Raw data:
........
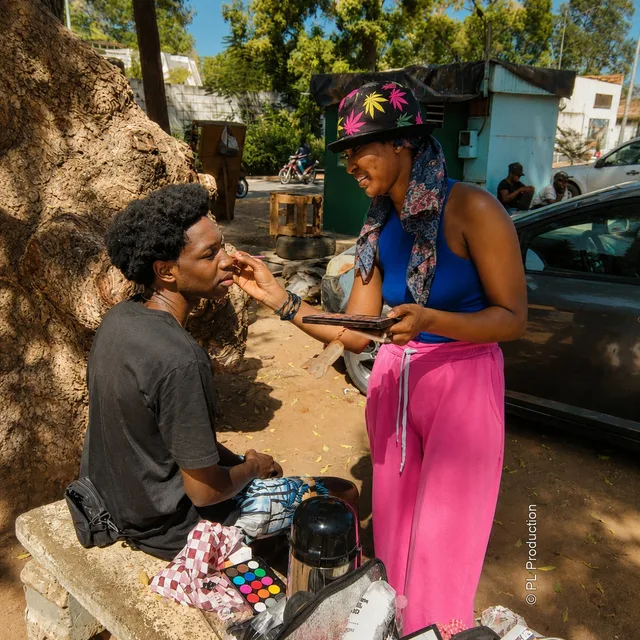 Behind the scenes with the Yaranka, Dakar Noir crew.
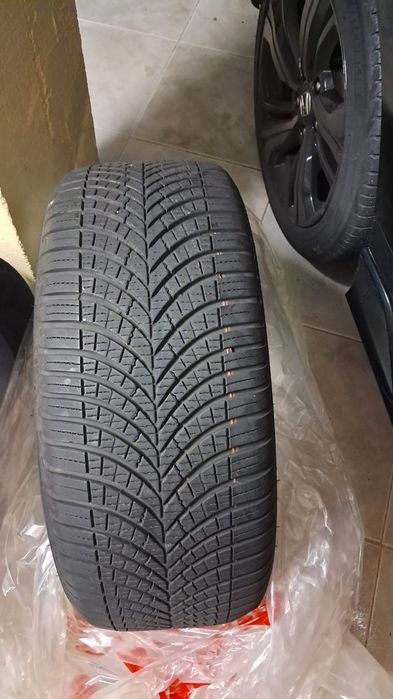 Pneus Goodyear vector 4season semi novos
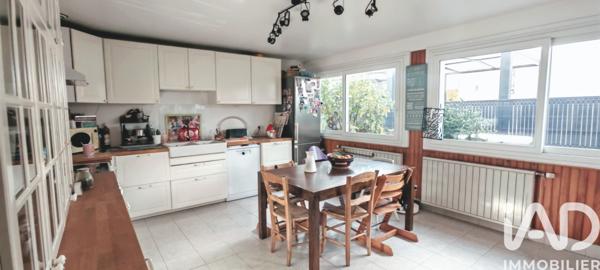 Maison à vendre 6 pièces 121 m² Sainte-Geneviève-des-Bois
........
Task objective: Leaving out the images, repeat the listing above exactly.

Solution to this exercise:
 Behind the scenes with the Yaranka, Dakar Noir crew.
 Pneus Goodyear vector 4season semi novos
 Maison à vendre 6 pièces 121 m² Sainte-Geneviève-des-Bois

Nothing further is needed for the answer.